I mean, I rarely choose to hang out in the home-living section of our house. Alex likes to cook meals, even on weeknights; I could subsist on take-out and finger foods. He does a lot of the cleaning, too; I haven't touched the toilet or cat litter box in years (still coasting on the whole "pregnant women shouldn't clean the cat box for fear of contracting toxoplasmosis" rule). I specialize in fun domestic chores like making elaborate desserts and storing bulk foods in attractive containers and scheduling social activities.

In my observations of my friends' domestic lives, this arrangement seems fairly common--not at all as unusual as it might have been a generation or two ago. And it turns out that this kind of equity in domestic chores will at least keep us in the business of being a country: Did anyone catch the New York Times Magazine cover story this week, "No Babies?" It's fascinating look at how birth rates are dropping so drastically that some European countries are facing population declines and demographic shifts that are, according to one professor, "pathological." Some sociologists think one of the causes for this decline is the growing tension between traditional and modern roles of women: studies show that women who do the majority of the housework and child care have fewer children than those who have partners who "share the load."

But population replacement rates aside, I assumed this gender role shake up would somehow be visible in my daughter, evident in a kind of genderlessness--you know, playing with trains in a princess dress, bouncing a ball while rocking a baby to sleep. But maybe it's only been confusing to her? When she was about two, she commented that "Daddies go to the office and mommies stay home," and I corrected her by naming off all the working moms (myself included) she knew. But the reality/perception thing baffled her for months.

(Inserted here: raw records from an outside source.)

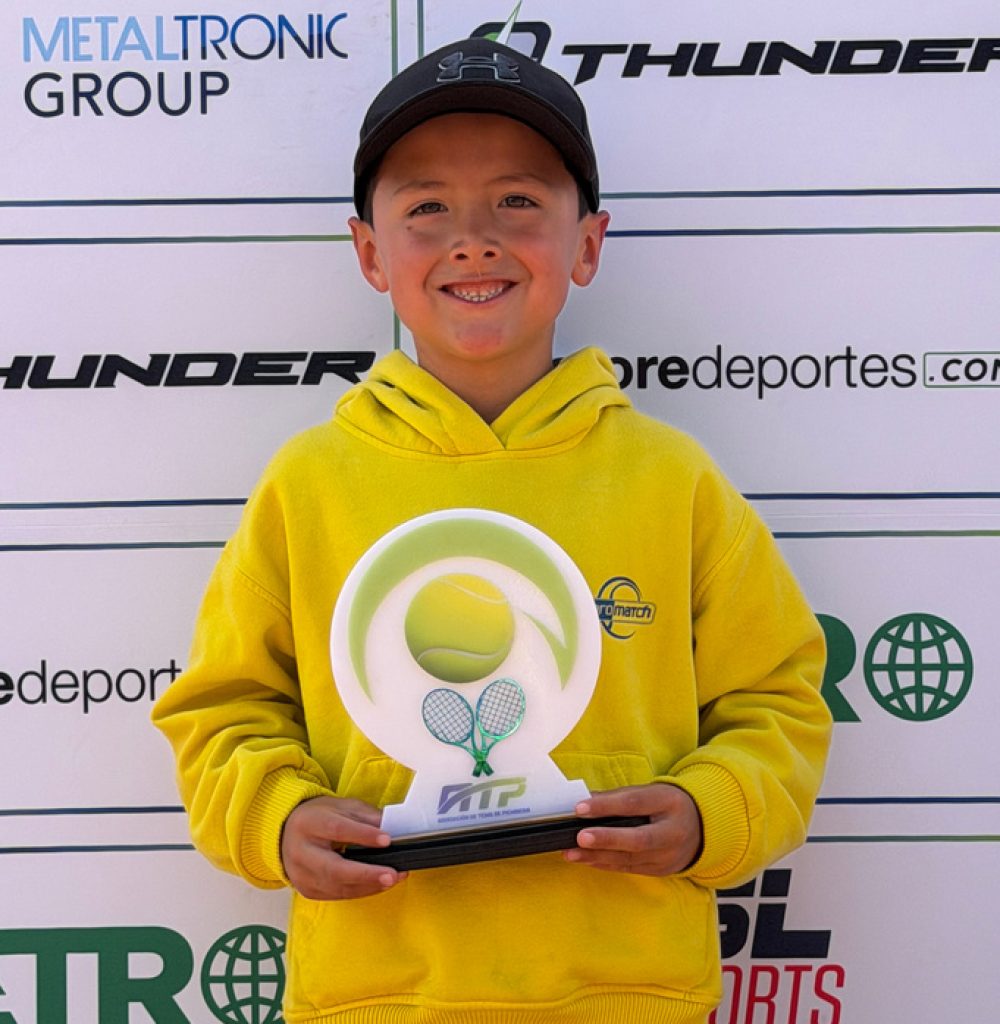 Campeón Promatch con trofeo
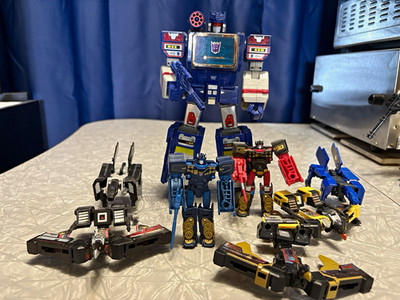 Hasbro Transformers Titans Return Soundwave w/7 cassettes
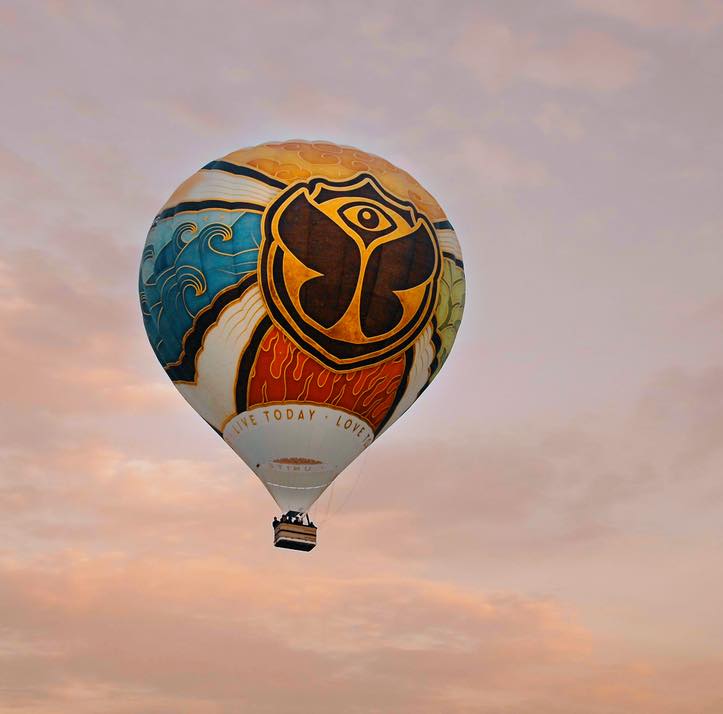 Tomorrowland Reveals New Hot Air Balloon: Zephyr II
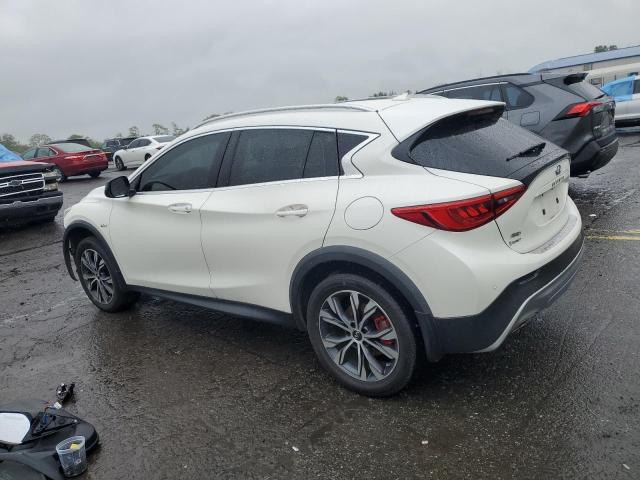 2017 INFINITI QX30 BASE SJKCH5CRXHA034396
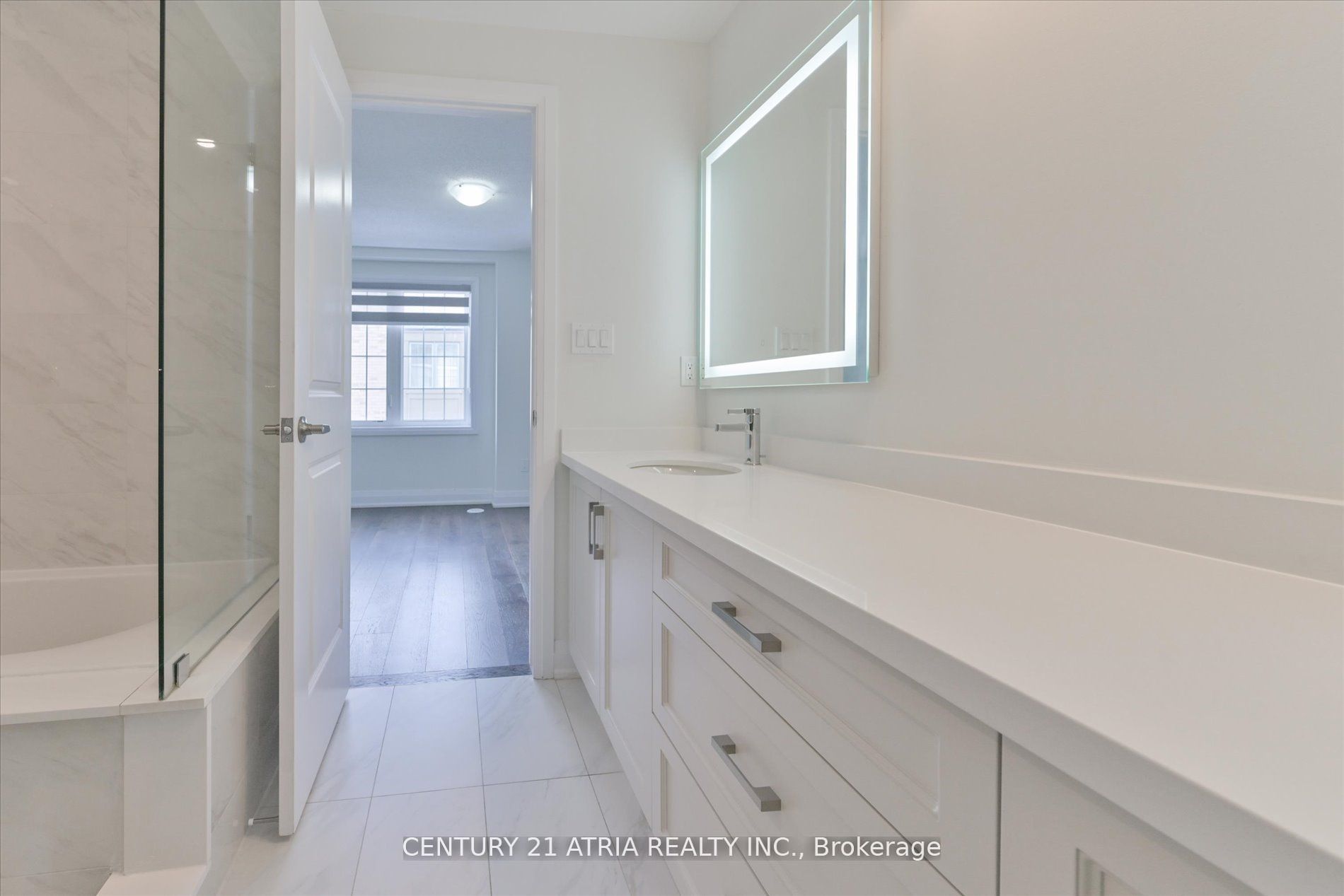 106 Clippers Crescent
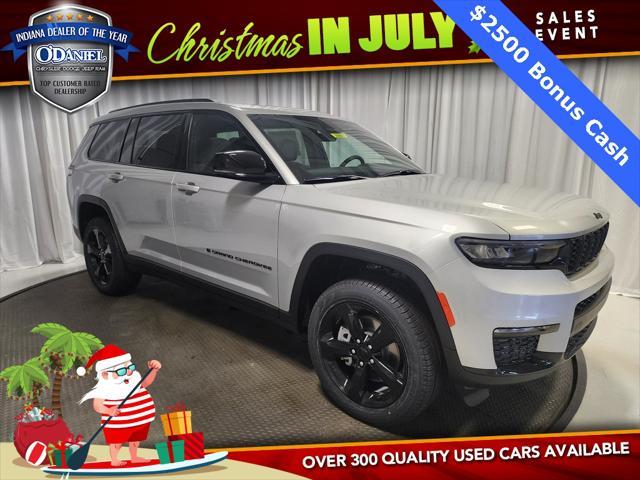 Photo of 2025 Silver Zynith Jeep Grand Cherokee L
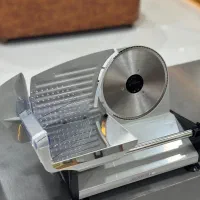 دستگاه کالباس بر خانگی هنریچ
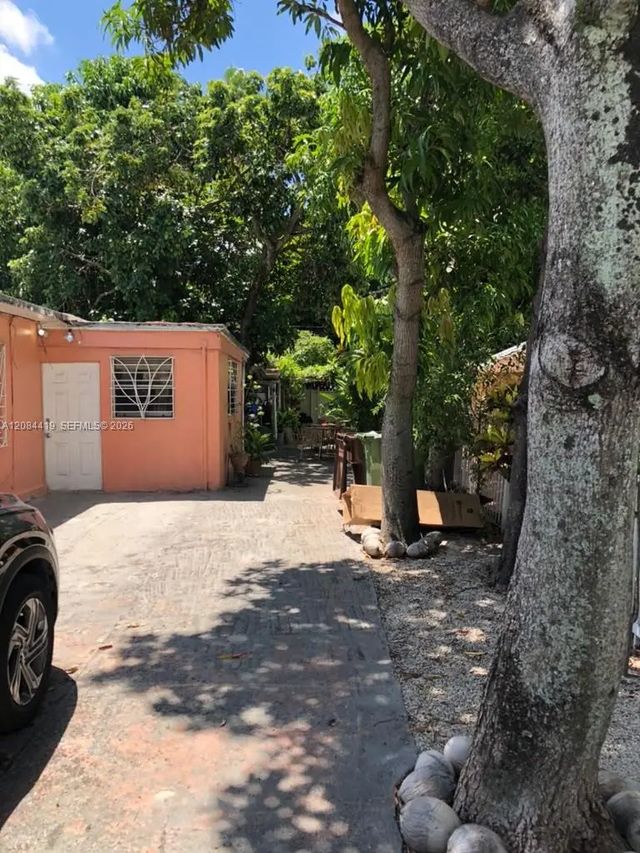 5 of 25 - 770 E 17th Street, Hialeah, FL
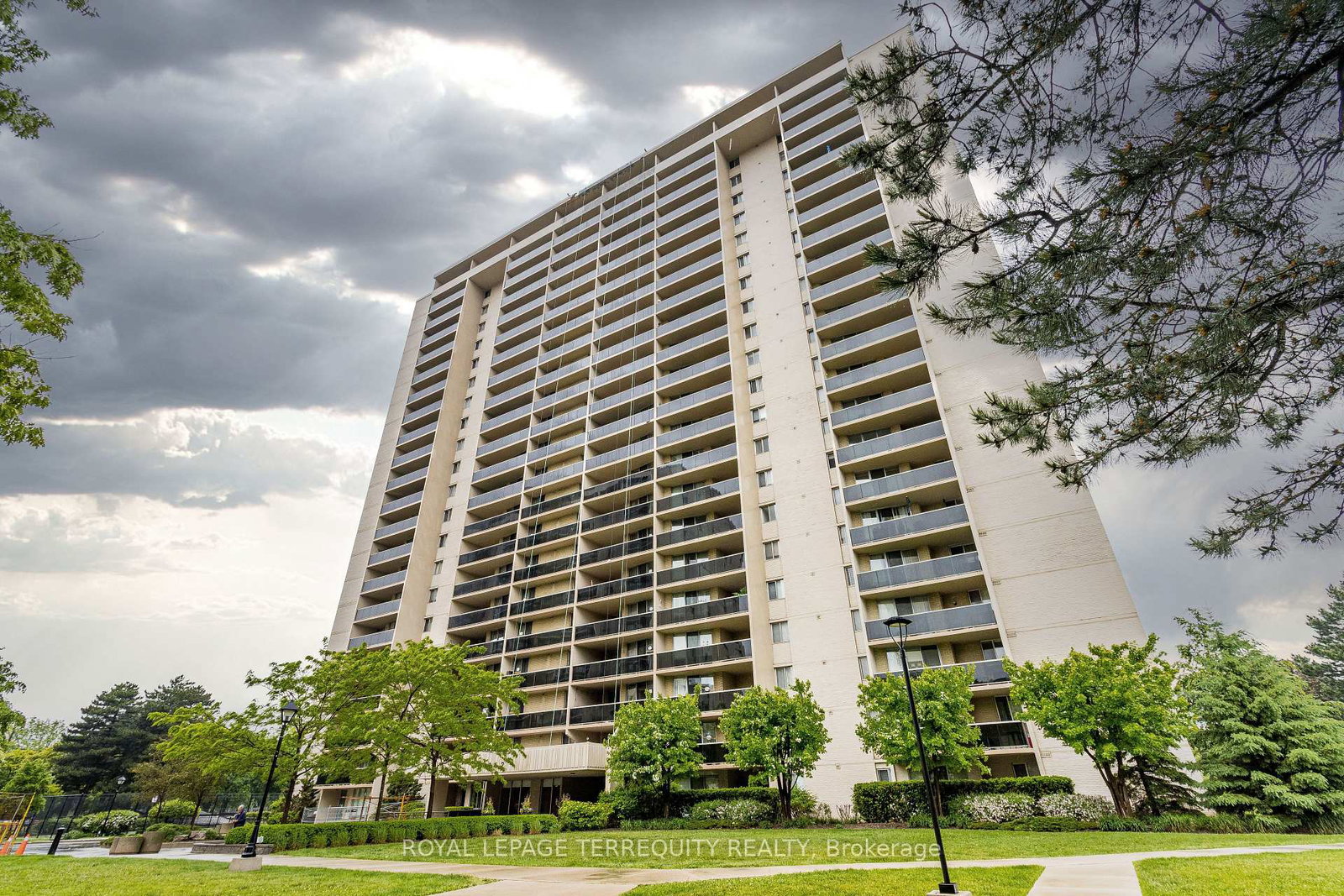 812-burnhamthorpe-road-etobicoke-ontario-w13034284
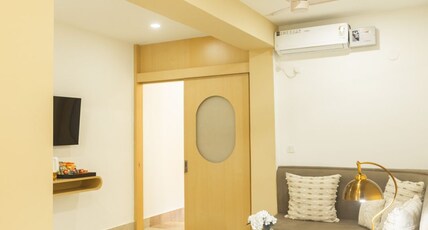 Hotel Lake Shilloi Room Type - SHILLOI QUEEN SUITE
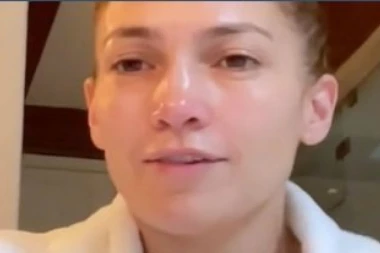 DA LI JE PREPOZNAJETE?! Ova svetska zvezda pozirala je bez šminke i mnogi kažu da je lepa kao anđeo, šta vi mislite?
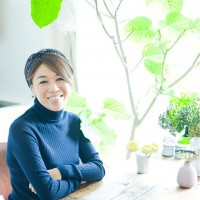メイクアップアーティストの早坂香須子／ヨガ第一人者・ケンハラクマが初心者に易しいヨガ教室「emmi studio by Ken Harakuma」を開催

She's getting older, though, and figuring it out: A couple of months ago, she told me she was choosing art because she didn't like to clean up the home-living section after she was done playing. And a couple of weeks ago, she remarked, "Dada's a good cooker and cleaner. He's the boss of the house." Then she hurriedly added, "But Mama's the boss."

"Sure," I said, my defensiveness immediately quelled by the formula of Mama=omnipotent, Dada=middle management.

Then she wandered off to cook in her play kitchen, reciting a list of things she was going to pick up at the grocery store--after she was done with her "deadline." Aha. She's been watching us after all.